Hospice Care Kenya was founded in 1991 to support the newly opened Nairobi Hospice. This was the first hospice in Kenya and represented the first step in making palliative care accessible to Kenyans.
Now, 28 years on, Nairobi Hospice is marking another major milestone. The team recently opened the doors to their new modern purpose-built hospice. With six treatment rooms and a large space in which to provide day-care peer-support sessions for patients and their families, the new hospice has the capacity to accept and treat many more patients.
The building has a large training room in which regular courses on palliative care will be held for health workers, to develop palliative care knowledge and skills within the health system. There is also a peaceful courtyard garden for patients.
The hospice is sited next to the Kenyatta National Hospital. The central location makes it more easily accessible to patients and will help the team to build a good working relationship with the hospital. The hospice team is even working towards becoming financially self-supporting by letting out the first floor rooms of the hospice as offices for doctors.
HCK Trustee Dr Mike Hughes, reflects on his experience of working at Nairobi Hospice…

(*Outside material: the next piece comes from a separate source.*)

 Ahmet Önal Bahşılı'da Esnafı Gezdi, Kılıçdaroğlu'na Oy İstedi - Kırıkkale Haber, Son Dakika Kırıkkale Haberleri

Now and then. Then was 27 years ago when I arrived in Kenya to work as a doctor at Nairobi Hospice for the next four years. Now is my return visit this year to see the new hospice having been a consultant in a hospice in the UK for the last 22 years and a Trustee for Hospice Care Kenya.
How did it feel returning? It felt like going home, visiting old friends and back to where part of my heart belongs.
What has changed? When I left in 1996 there were just four hospices and now there are over 70 hospice and palliative care centres.
There is an exciting and vibrant palliative care community throughout Kenya transforming end-of-life care for patients across the whole country in a way I could have only dreamed of.
What hasn’t changed? The desperate need for more care and resources; the inequality of health care; the passion and dedication of the hospice teams caring for patients; the shared humanity. The patients, their families and the individuals and communities helping to look after them remain an inspiration.
The development of palliative care in Kenya has come such a long way since Nairobi Hospice first opened it’s doors in 1990. There are now over 70 hospices and palliative care centres across Kenya; a remarkable achievement. However there remain many gaps which our work, with your support, continues to address.
Many hospices are small, poorly equipped and operate on very small budgets. We support Busia Hospice in western Kenya. The hospice operates out of a single room. It is run by a retired unsalaried nurse and her assistant, who take just a living allowance as their budget is so tight. They cover a huge catchment area yet they have no means of own transport and struggle to reach patients at home. They receive no government funds. There are many such hospice across Kenya.
By providing support where need is greatest we hope that more hospices across Kenya can transform and develop in the same way as Nairobi Hospice so that equal access to quality palliative care can be achieved across the country.